• [YOUR OBJECTIVE]
What is needed is an exact copy of the lines in the entries below from the one holding "BMW X1, 2018" through the one holding "Renault Zoe occasion année", pictures excluded.

[Stored data entries]

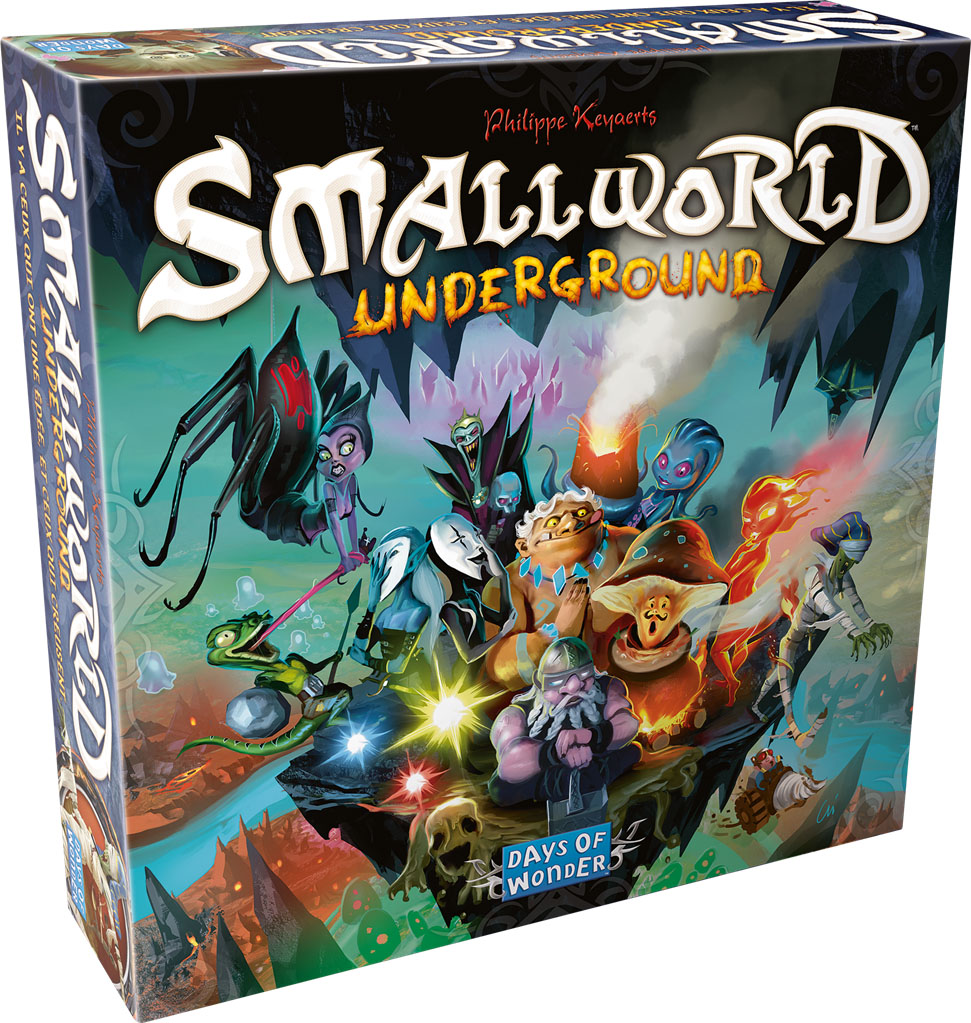 Small World Underground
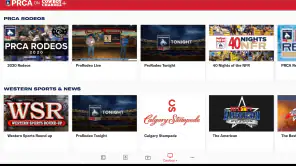 The Cowboy Channel Plus screenshot 7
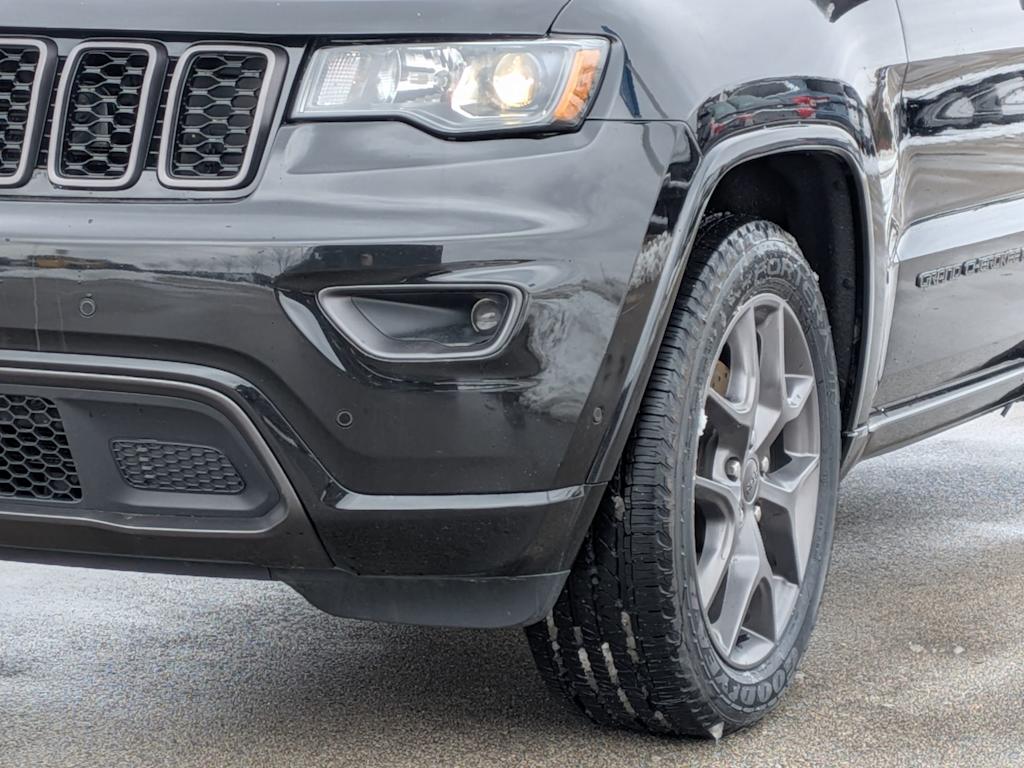 Thumbnail: 2021 Jeep Grand Cherokee - 7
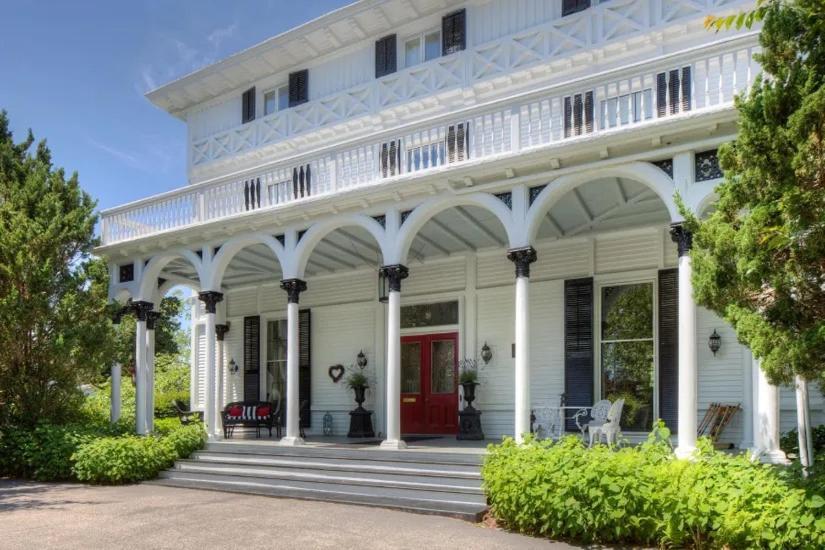 The Hamilton Hoppin House, Villa 120 Newport, Riミドルタウン エクステリア 写真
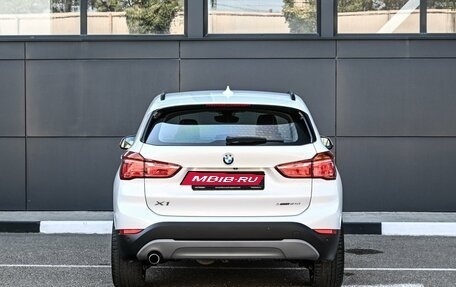 BMW X1, 2018 год, 3 045 000 рублей, 4 фотография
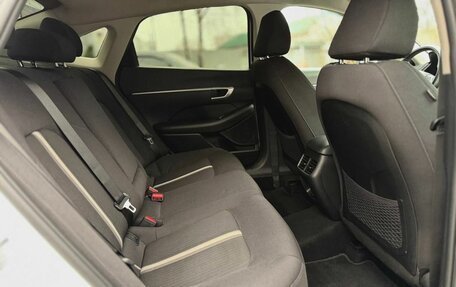 Hyundai Sonata VIII, 2021 год, 2 200 000 рублей, 24 фотография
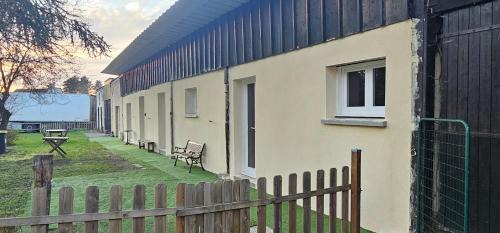 Le haras de gus et lulu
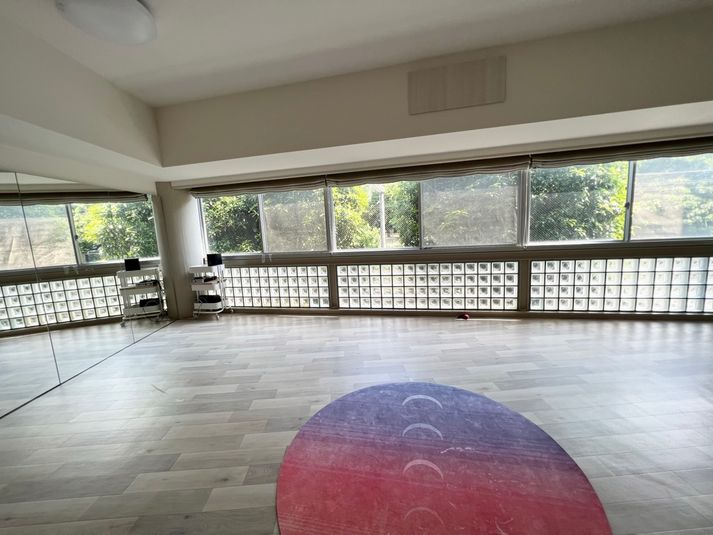 癒しのレンタルスペース鏡あり - lalalayoga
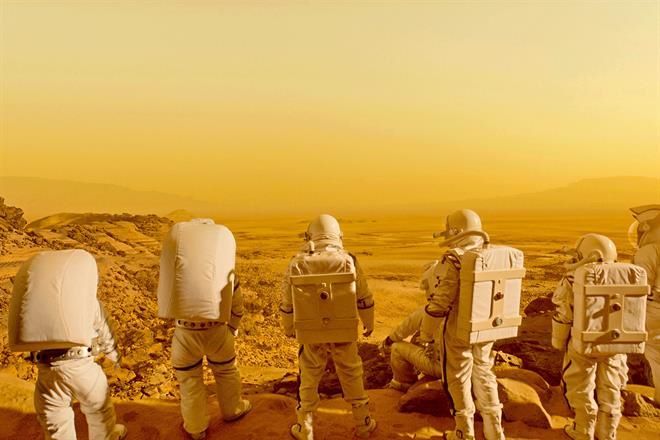 Desata ‘For All Mankind’ nueva batalla espacial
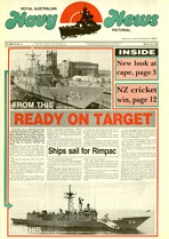 Navy News - 30 March 1990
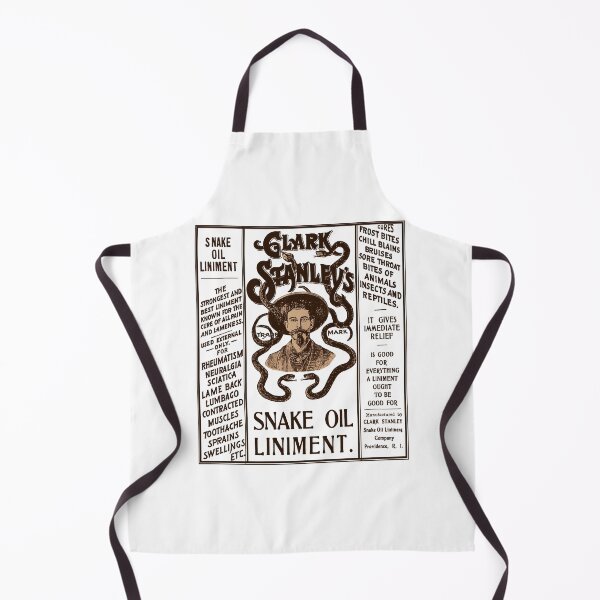 Item preview, Snake Oil. designed and sold by theheadshed.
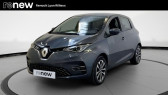 Renault Zoe occasion année 2021 boite Automatique Annonce Renault Zoe occasion Electrique Zoe R110 Achat Intégral - 21C à RILLIEUX LA PAPE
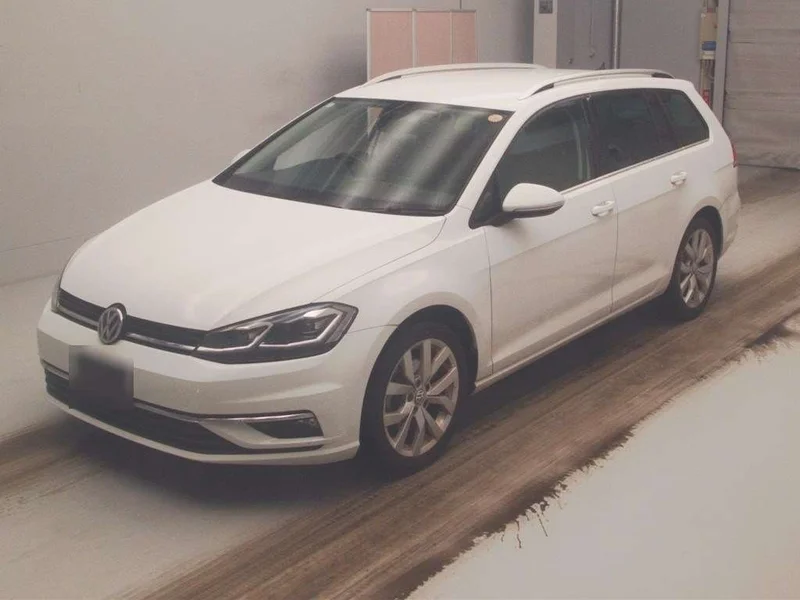 Volkswagen GOLF VARIANT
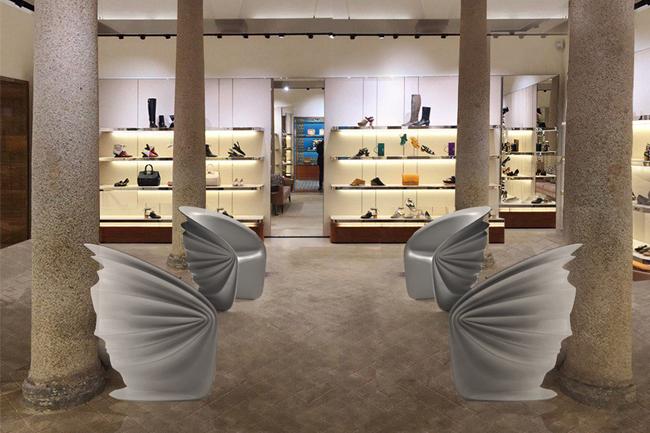 慶祝米蘭設計 SALVATORE FERRAGAMO推出The World of Italo Rota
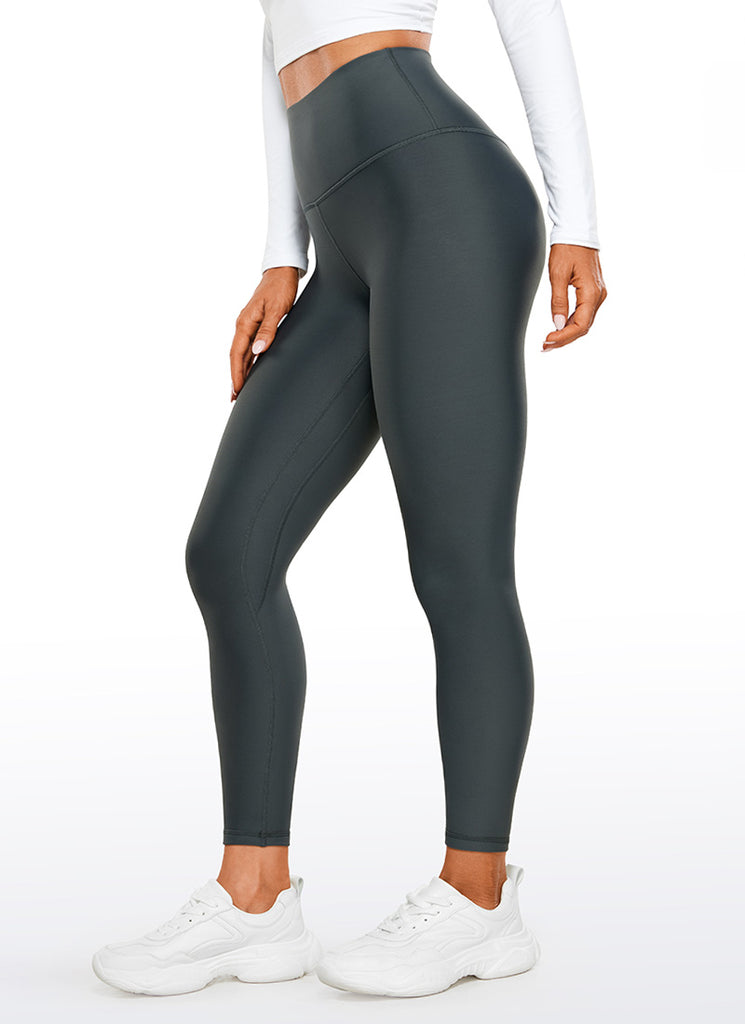 CRZ YOGA Womens Thermal Fleece Lined Leggings 25 Winter Warmth, Thick, Soft  High Waisted Workout Fleece Lined Running Tights For Hiking From Shacksla,  $24.11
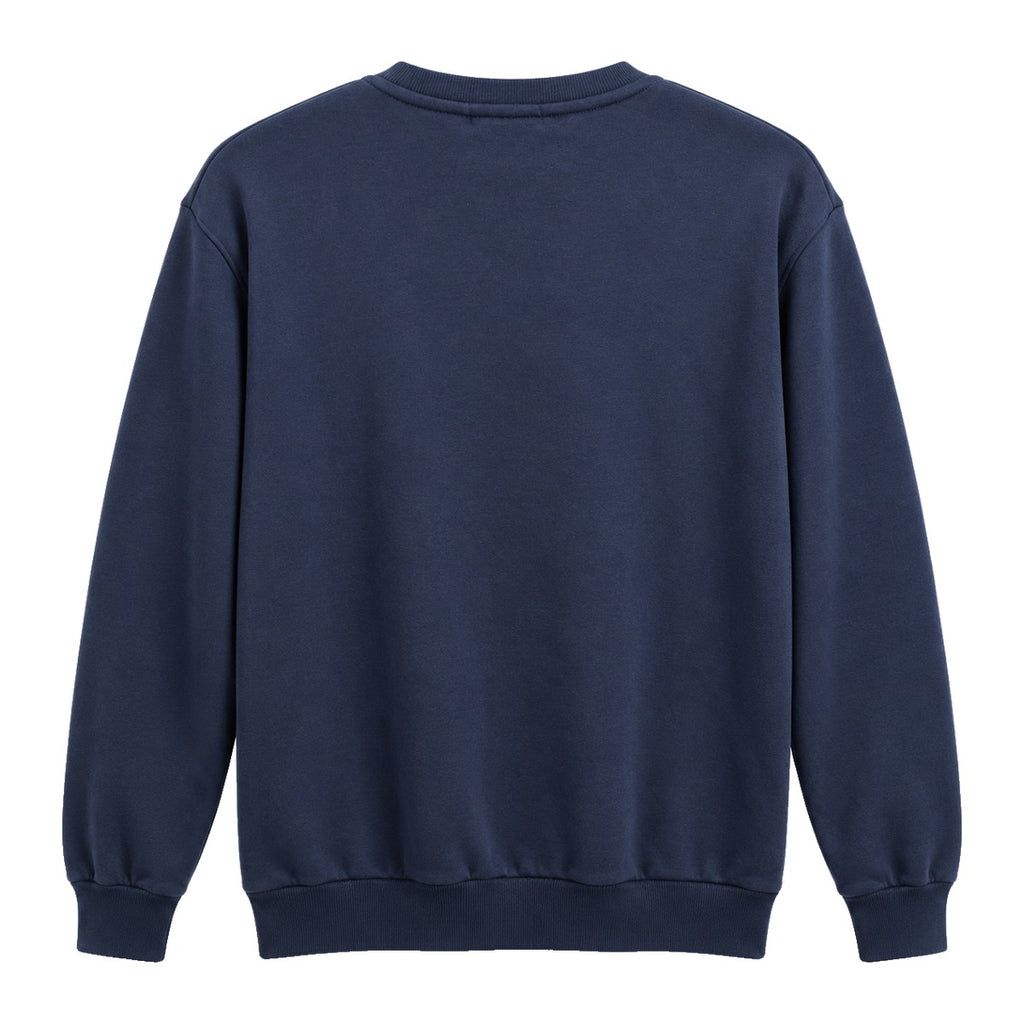 Ralph Lauren Polo Bear Sweatshirt Navy back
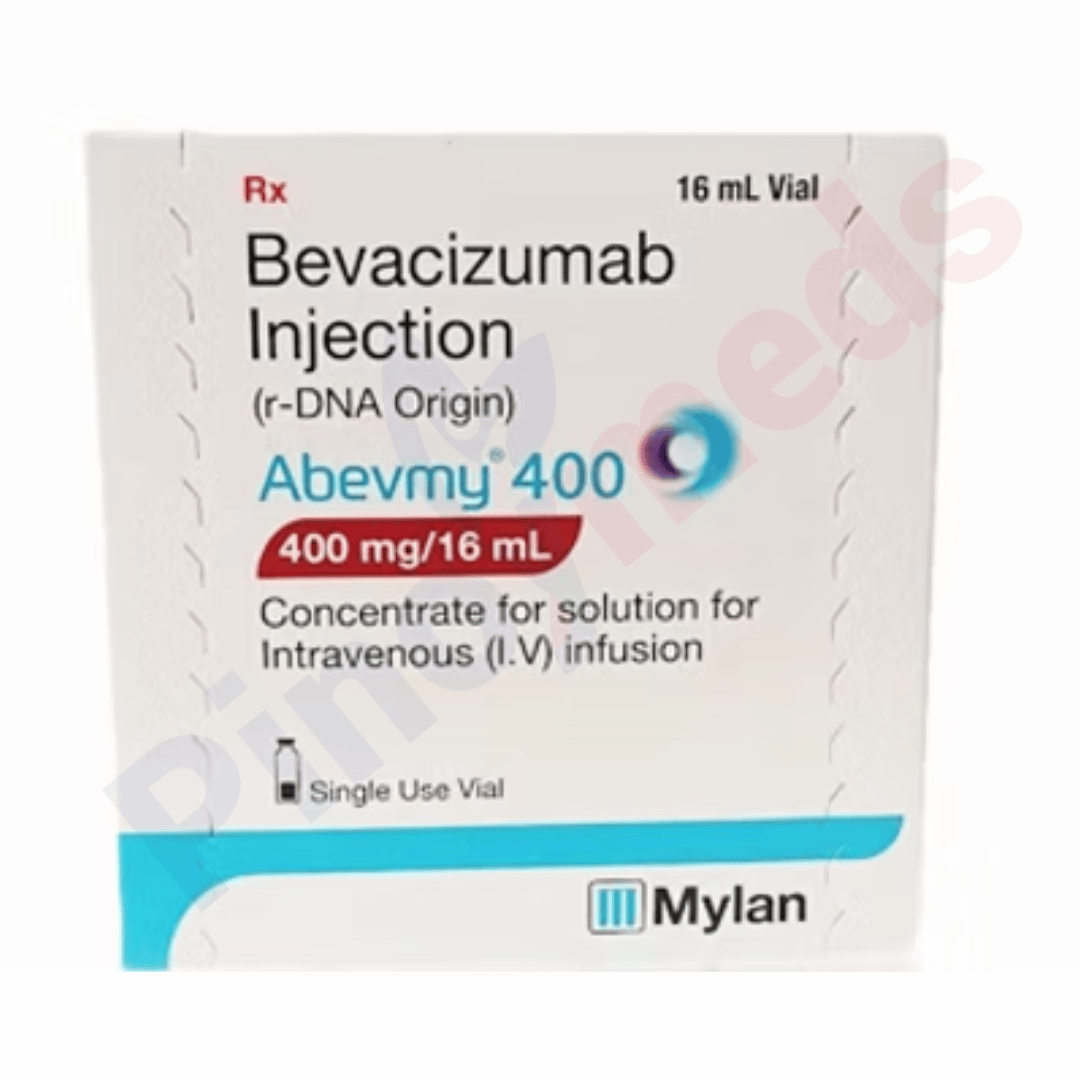 Abevmy Bevacizumab 400 mg Vial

• [EXERCISE RESULT]
 BMW X1, 2018 год, 3 045 000 рублей, 4 фотография
 Hyundai Sonata VIII, 2021 год, 2 200 000 рублей, 24 фотография
 Le haras de gus et lulu
 癒しのレンタルスペース鏡あり - lalalayoga
 Desata ‘For All Mankind’ nueva batalla espacial
 Navy News - 30 March 1990
 Item preview, Snake Oil. designed and sold by theheadshed.
 Renault Zoe occasion année 2021 boite Automatique Annonce Renault Zoe occasion Electrique Zoe R110 Achat Intégral - 21C à RILLIEUX LA PAPE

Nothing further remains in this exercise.